The show of strength by throngs of worshippers in Clichy highlighted a long-standing issue for France’s Muslim community, estimated at 5 million people: a shortage of mosques.
Such protests aren’t without risk of a backlash, especially in the politically heated atmosphere of France’s upcoming presidential election.
Far-right presidential candidate Marine Le Pen has previously decried street prayers, part of her anti-immigrant, anti-Islam outlook.
Clichy Muslims had been using a prayer hall rented from City Hall. But the town’s mayor now wants to turn that space into a multimedia library for the town’s 60,000 residents.
City Hall refused to renew the three-year lease when it expired last June and, after a court battle, closed down the prayer hall last week with help from French police.
City Hall says Muslims can worship at a new Islamic cultural and prayer center, already used by hundreds of people, that the town inaugurated in May 2016.
However, the Muslim group that helped organize Friday’s protest and which is calling for another demonstration Sunday says the new mosque is too small and remote.

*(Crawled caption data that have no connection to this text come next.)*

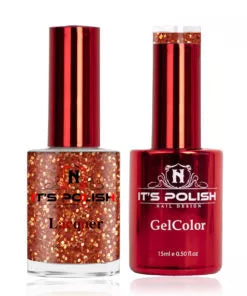 Not polish Duo Gel and Lacquer OG Collection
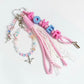 Taylor Swift Bag Charm Keychain Accessories
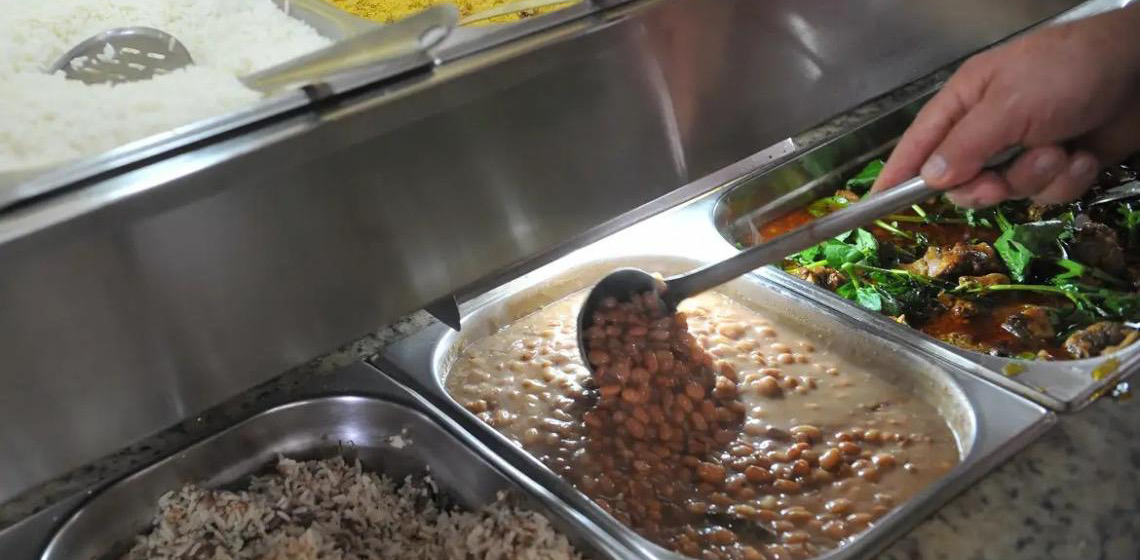 Mudanças no vale-alimentação devem ser anunciadas em outubro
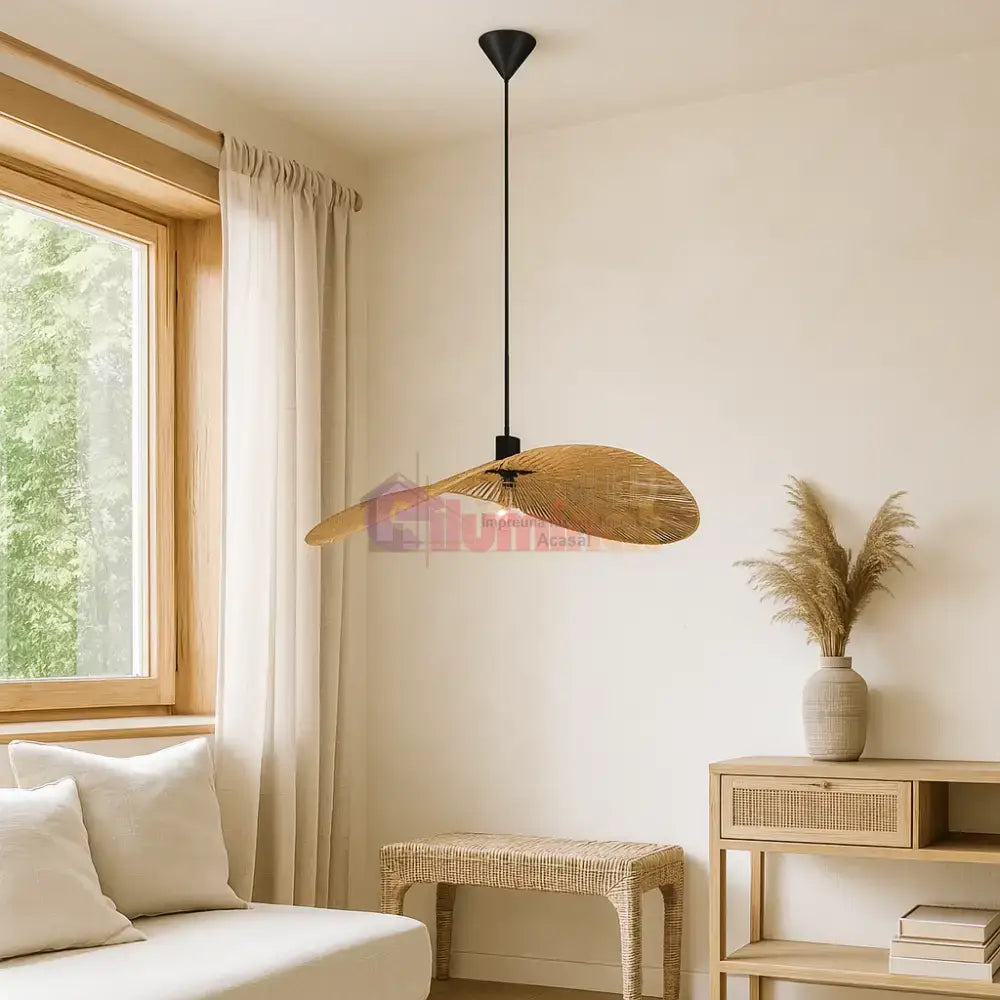 Pendul 1xE27 SIRUELA EGLO 31992 lustreled.ro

The building is a disused former office block that City Hall “turned into a mosque by throwing down a few rugs,” said Smail El-Baz, a spokesman for the group.
He warned that the closure of their prayer hall could drive worshippers underground and increase the risk of them becoming radicalized.
The group wants its prayer hall reopened until the end of Ramadan in July and space for the building of a new mosque.